Underneath N95 masks, a dressing can be used to cushion the skin from the pressure of mask edges. These dressings include a thin adhesive foam dressing, a silicone adherent sheet (perforated or nonperforated), and a thin hydrocolloid sheet.63,64 It is important to use a thin low-profile semiocclusive dressing.
Regardless of what type dressing is used, it should be custom-cut to conform to the nurse's needs for pressure relief and to achieve as low a profile with the skin surface as possible. A low profile is important because a dressing beneath the N95 mask may elevate the contour of the mask edges such that it disrupts the airtight seal, interfering with the mask's effectiveness. Before applying a dressing, the nurse should check with the facility's health and safety department for approval and arrange for fit testing with the dressing in place.

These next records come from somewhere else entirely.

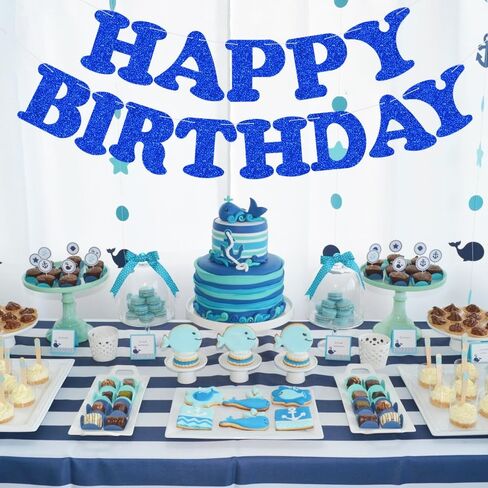 BEISHIDA Teal Blue Happy Birthday Banner - NO DIY,Pre-Strung Happy Birthday Decorations, Happy Birthday Sign for Women,Glitter Happy Birthday Garland,Happy Birthday Backdrop in Kuwait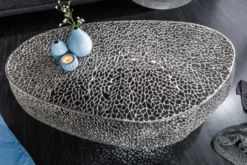 Filigraner Design Couchtisch ABSTRACT LEAF 130cm silber Handarbeit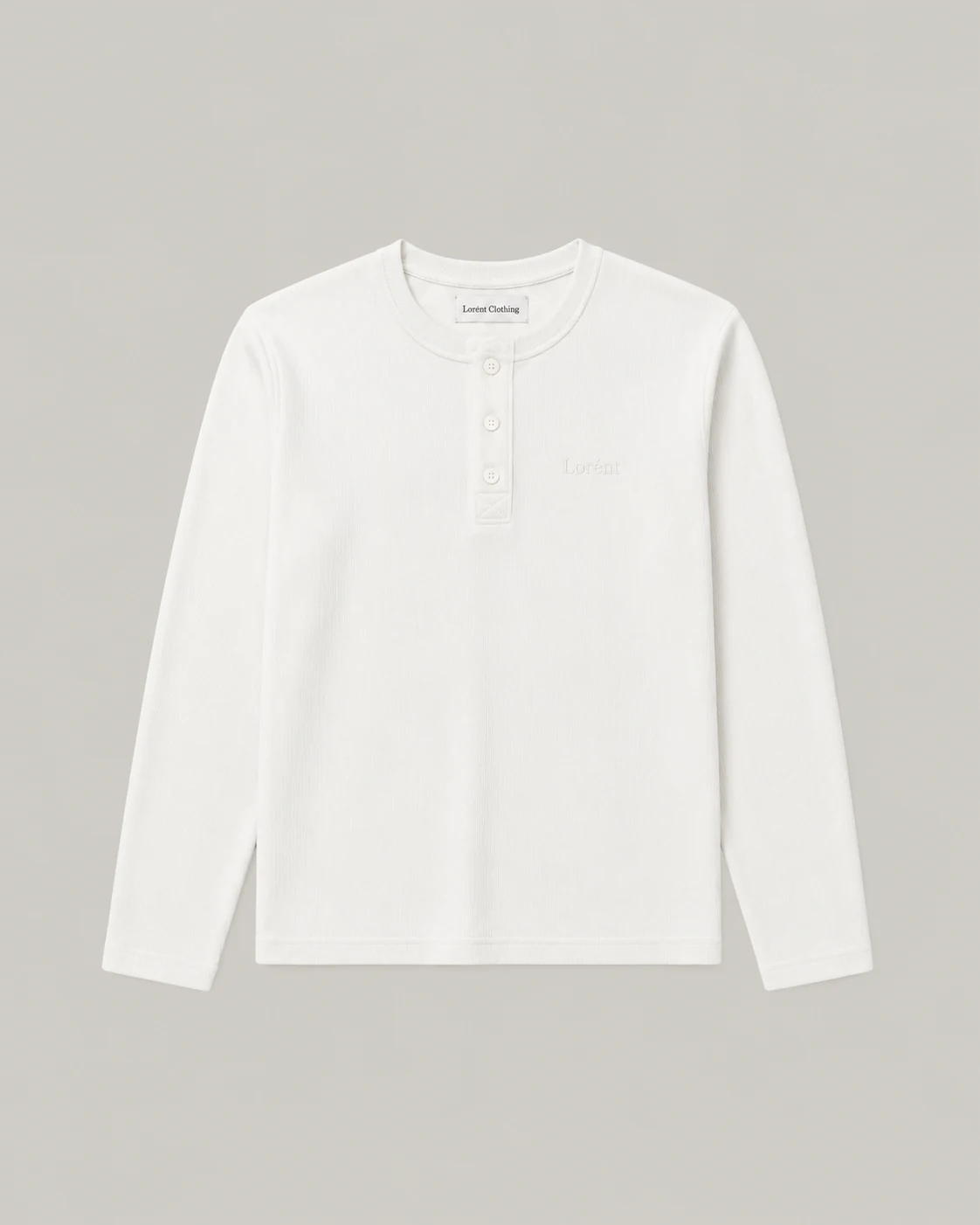 Matteo white long sleeve henley product image
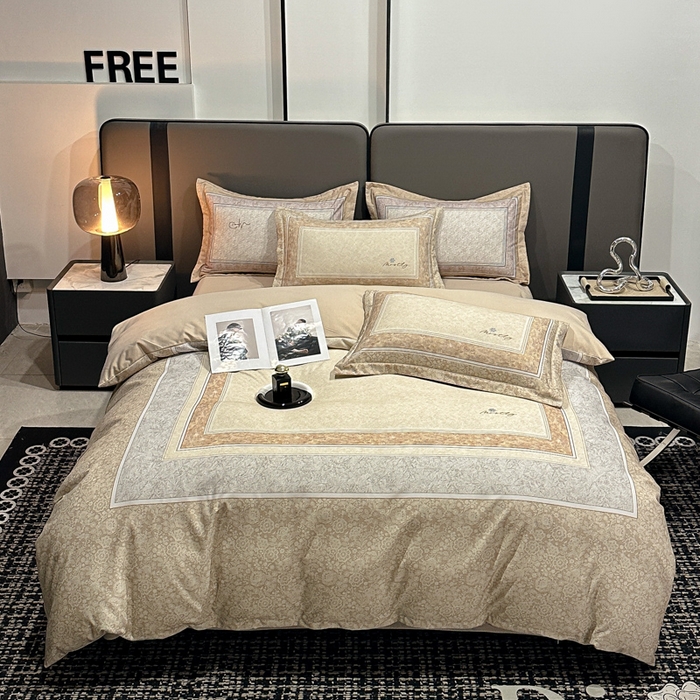 91家纺网 家纺一手货源 找家纺 喜四方 2025新款加厚全棉大版印花四件套 寻觅花香-咖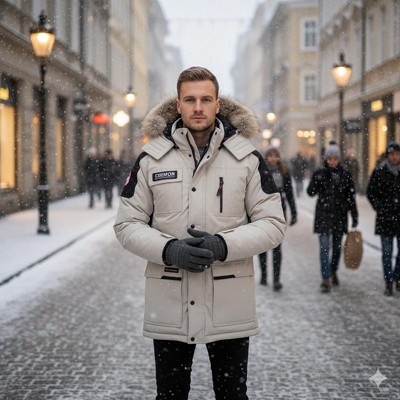 Canada Weather Gear Men’s Heavyweight Arctic Parka with Faux Fur Hood|Insulated Water-Resistant Winter Jacket - White - Medium — фото 3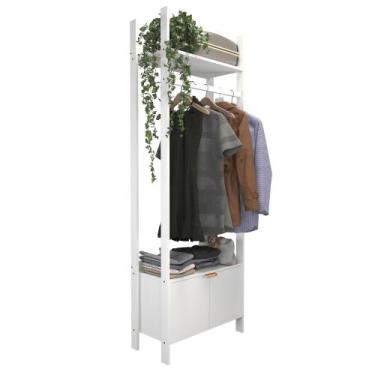 Imagem de Roupeiro Arara Guarda Roupa Solteiro Cabideiro Com 2 Portas - E-Led Br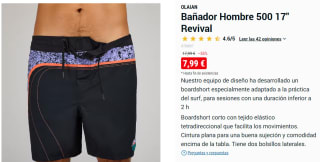 Bañador de Hombre Olaian 500 17" Revival por 7.99€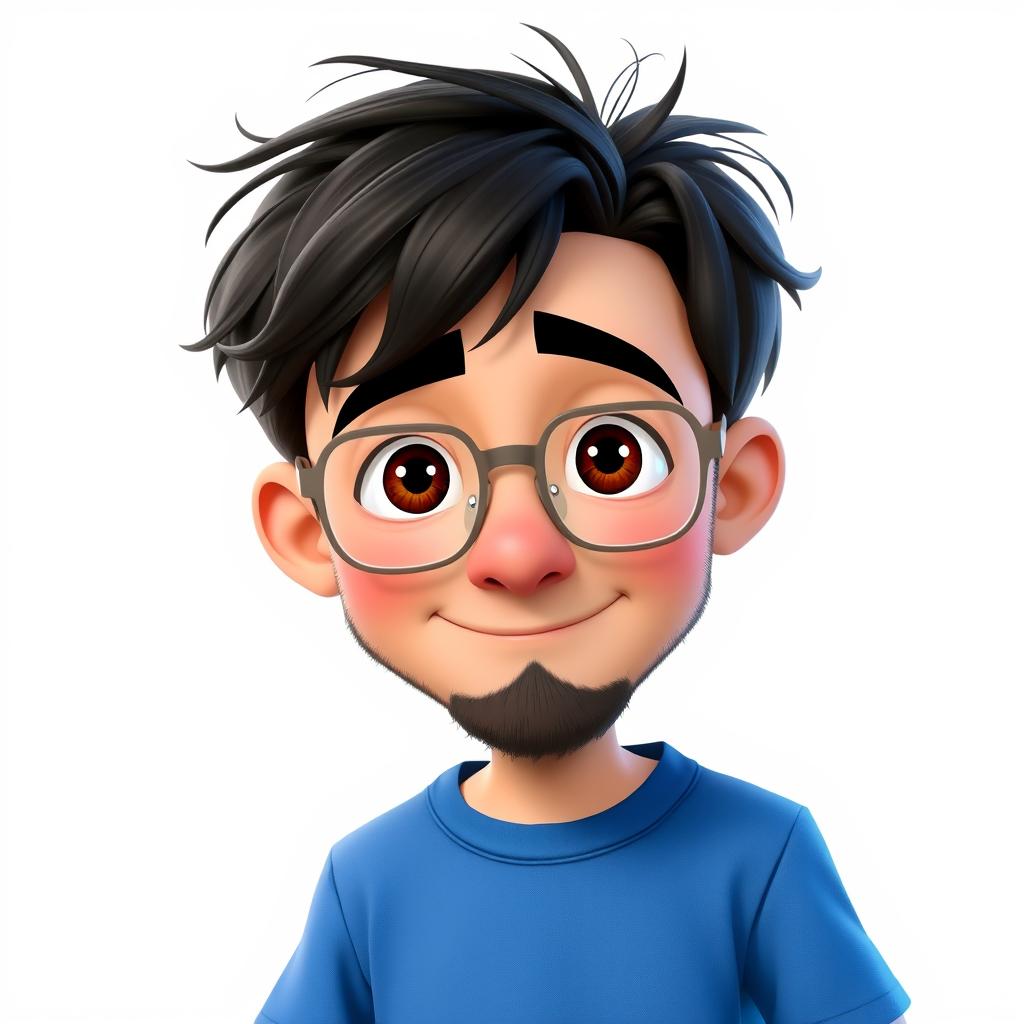 A Pixar-style animated character of a 37-year-old boy with short, thick, disheveled black hair, brown eyes, a big nose, and full lips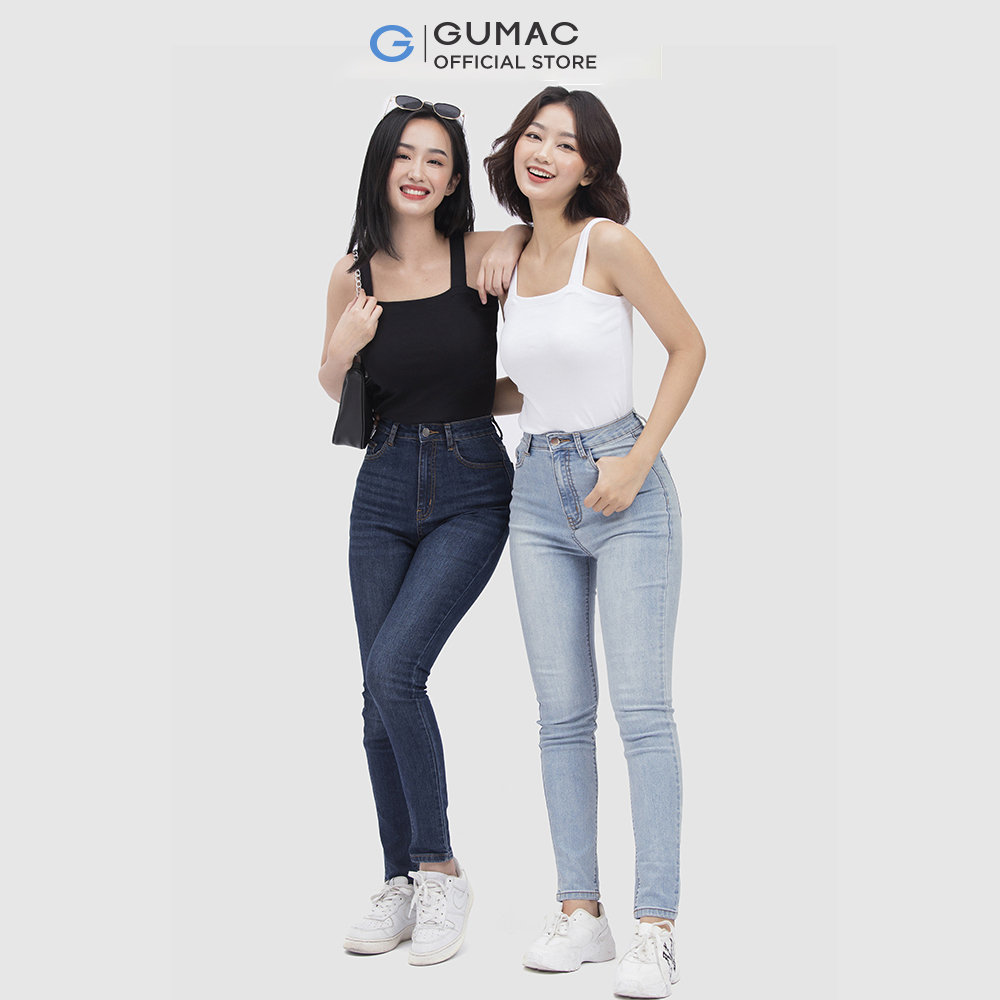 Quần jeans nữ GUMAC QJC04045 skinny lưng cao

Step 3: Skin lesions, if present, must be treated in order to mitigate the risk of wound infection. With the presence of open skin wounds, some type of a dressing is advised. We do not recommend the use of topical skin adhesives or glues, which may be difficult to remove.
Without appropriate treatment, an open wound is unlikely to heal if the nurse continues wearing the same PPE. Few nurses have enough consecutive days off between shifts for their skin to fully heal. In addition, newly healed skin is more fragile than undamaged skin, especially if it is stretched or moved by muscle contractions involved with facial expressions or speech. Newly healed skin may undergo recurrent breakdown when the nurse returns to work and employs PPE requirements. Nurses are encouraged to speak with their managers and health and safety supervisors regarding skin surface injury and abnormalities.